The other day, a group of people toppled a statue of Thomas Jefferson from its perch in front of Jefferson High School in Portland. One toppler explained that he felt it was improper for a statue of a slave owner to grace a high school attended by many African Americans.
If people at the high school want to remove the statue permanently, and even change the name of the high school, that’s understandable. Jefferson owned slaves and may have fathered a child with a slave, whom he held as property at the time. If I were an African American attending Jefferson High School, I’d feel at the very least conflicted about having a guy who used to own and hold in bondage people like me greet me as I came to school every day.
However, as Americans continue our nearly 250-year-long attempt to reconcile the founding of our country by men who owned slaves, it would be a mistake to erase Jefferson from socially acceptable history. As the lead drafter of the Declaration of Independence, Jefferson has done more to provide the philosophical underpinnings for human freedom and equality than any other political actor in history.

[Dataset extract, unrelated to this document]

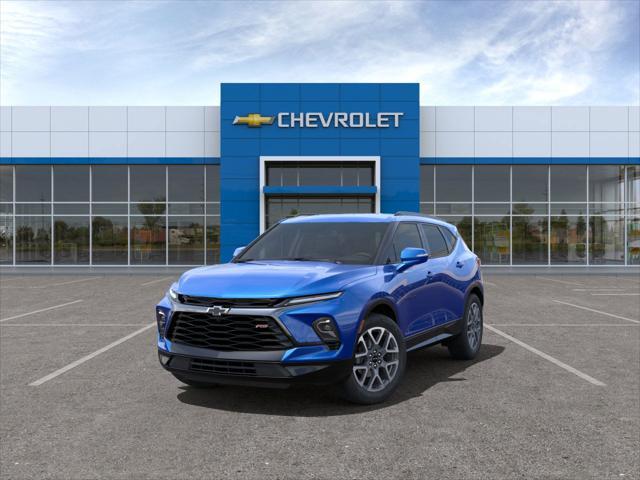 new 2025 Chevrolet Blazer car, priced at $40,893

The key clause of the Declaration is worth revisiting:
“We hold these truths to be self-evident, that all men are created equal, that they are endowed by their Creator with certain unalienable Rights, that among these are Life, Liberty and the pursuit of Happiness. That to secure these rights, Governments are instituted among Men, deriving their just powers from the consent of the governed. That whenever any Form of Government becomes destructive of these ends, it is the Right of the People to alter or to abolish it, and to institute new Government, laying its foundation on such principles and organizing its powers in such form, as to them shall seem most likely to effect their Safety and Happiness.”
To modern Americans, the concepts of the Declaration, if not the words themselves, are ingrained in our political psyche. But when they were written, they constituted a shocking break with the history of human civilization and governance. Historically, most individuals, especially individuals who weren’t aristocrats, had no rights to speak of. They certainly didn’t have rights superior to the wishes of whomever governed them, and they had no role in choosing who governed them. Government existed to enrich those who governed, often at the expense of the governed.

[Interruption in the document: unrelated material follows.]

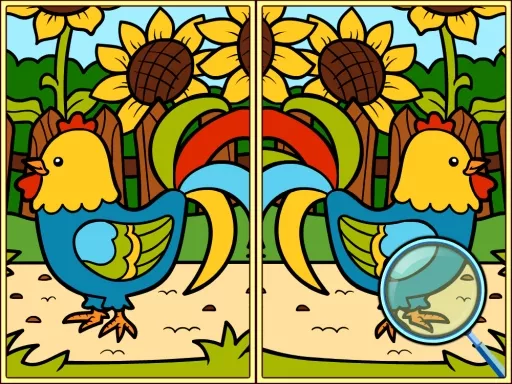 Spring Difference - game thumbnail image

The Declaration inverted the theory of government that had held sway for most of human history. Not just America but countless other countries and billions upon billions of people came to be governed in systems more or less designed to foster their well-being, and by people they had some role in selecting. Today, even autocratic regimes feel obliged to pretend to be democratic and rights-observing.
Much of American history involves trying to align the reality of our government with the ringing ideals of the Declaration. The Civil War, the civil rights acts and even Black Lives Matter protests are largely attempts to put into better practice Jefferson’s words. Those who seek equality, freedom and democracy, which I daresay includes a significant majority of Americans, would be worse-off without the Declaration and without Jefferson.

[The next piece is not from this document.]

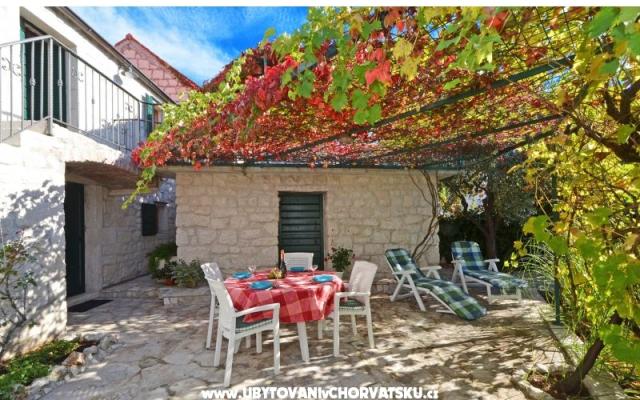 Apartmets Villa Maslina – Accommodatie Trogir Kroatië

Jefferson, like the country he helped found, is an imperfect exemplar of the things he wrote. It is a crucial part of our history that he and other founders owned slaves, and that he, like all other mortal humans, was far from a faultless, heroic figure. But as we continue to alter our government to align with our principles, as the Declaration says we have the right to do, it would be harmful to the cause of freedom, equality and human flourishing to turn our backs on the principles stated in the Declaration of Independence. History tells us the alternative is far worse.